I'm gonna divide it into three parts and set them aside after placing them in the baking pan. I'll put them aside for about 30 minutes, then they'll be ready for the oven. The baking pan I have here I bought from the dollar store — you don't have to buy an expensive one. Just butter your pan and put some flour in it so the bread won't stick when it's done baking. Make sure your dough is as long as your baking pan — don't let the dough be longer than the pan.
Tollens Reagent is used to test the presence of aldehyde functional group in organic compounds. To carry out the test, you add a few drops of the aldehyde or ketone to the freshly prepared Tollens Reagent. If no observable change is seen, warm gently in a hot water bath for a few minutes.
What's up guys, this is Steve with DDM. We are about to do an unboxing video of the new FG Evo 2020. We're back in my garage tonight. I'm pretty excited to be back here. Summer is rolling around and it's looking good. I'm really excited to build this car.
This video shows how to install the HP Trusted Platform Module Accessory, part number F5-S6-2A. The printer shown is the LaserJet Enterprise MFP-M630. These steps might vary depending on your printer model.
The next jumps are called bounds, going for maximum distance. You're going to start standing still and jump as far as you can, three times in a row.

┄┄┄┄┄┄┄┄┄┄

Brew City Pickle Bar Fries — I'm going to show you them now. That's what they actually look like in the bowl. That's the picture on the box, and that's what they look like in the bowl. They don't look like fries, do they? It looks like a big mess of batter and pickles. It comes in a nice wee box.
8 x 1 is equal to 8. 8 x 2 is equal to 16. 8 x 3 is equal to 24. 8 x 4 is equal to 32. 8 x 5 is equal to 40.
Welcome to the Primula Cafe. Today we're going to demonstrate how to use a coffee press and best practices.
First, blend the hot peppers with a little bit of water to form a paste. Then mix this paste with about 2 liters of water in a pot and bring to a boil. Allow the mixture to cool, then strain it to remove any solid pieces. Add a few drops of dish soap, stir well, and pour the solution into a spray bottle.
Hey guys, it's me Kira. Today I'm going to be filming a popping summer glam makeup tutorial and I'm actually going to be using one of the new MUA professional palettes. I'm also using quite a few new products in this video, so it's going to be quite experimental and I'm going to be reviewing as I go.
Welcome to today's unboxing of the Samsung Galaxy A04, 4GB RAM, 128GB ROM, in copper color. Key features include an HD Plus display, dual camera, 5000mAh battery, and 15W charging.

┄┄┄┄┄┄┄┄┄┄

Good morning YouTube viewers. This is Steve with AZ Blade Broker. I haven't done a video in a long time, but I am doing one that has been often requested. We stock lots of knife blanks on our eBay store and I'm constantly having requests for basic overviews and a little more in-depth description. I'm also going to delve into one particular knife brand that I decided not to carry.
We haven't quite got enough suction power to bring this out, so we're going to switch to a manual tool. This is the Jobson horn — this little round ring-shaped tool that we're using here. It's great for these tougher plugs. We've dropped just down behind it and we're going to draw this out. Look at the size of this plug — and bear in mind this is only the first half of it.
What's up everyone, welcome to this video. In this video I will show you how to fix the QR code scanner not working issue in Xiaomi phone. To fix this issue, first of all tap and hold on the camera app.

┄┄┄┄┄┄┄┄┄┄

- _What you have to do_:
Going through the entries above, count the lines with the word "also". Give only the result.

- _Output for this task_:
2